So did you feel like you fit in pretty seamlessly?

An actress named Enid Graham, she played my daughter in law, was fabulous. We became friends really quickly. And Kevin [McKidd], I started talking to him about Scotland and we were off and running because Scotland is one of my favorite countries. Everybody couldn't have been nicer darling. I mean it felt like you fell into a happy place. One of the assistant directors said, a lot of these shows are miserable but ours is not one of them.

I was in my trailer and there was a lot of noise, and I opened my door and Patrick Dempsey said "Are we making too much noise?" and I said no, I just came out because I'm going to bring my contact over.
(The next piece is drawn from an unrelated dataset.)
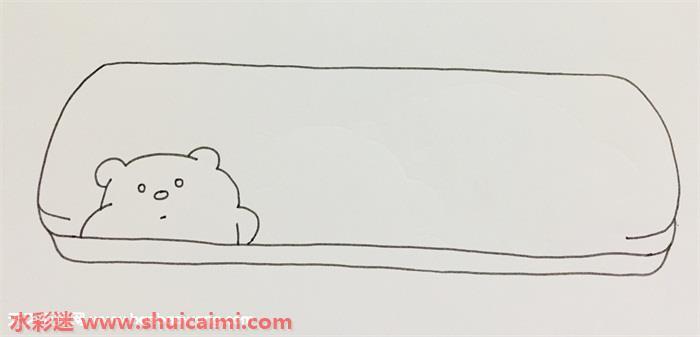 文具盒怎么画 文具盒简笔画画法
He said welcome to the show and I said what a great show. He said, "We know how lucky we are. We are all very happy and very grateful."

What was the best part of working on your three episode arc?

The best part was doing three episodes. Three weeks ago, [Grey's Anatomy] was the number one on the Nielson's rating, and I got to tell you, after nine years, it's very rare that you're number one.

I loved the character [I played], I loved working with most of the stars, and I loved [getting to be] emotional and crying. It's one of my favorite things, playing the deep pain. I just really loved the whole experience.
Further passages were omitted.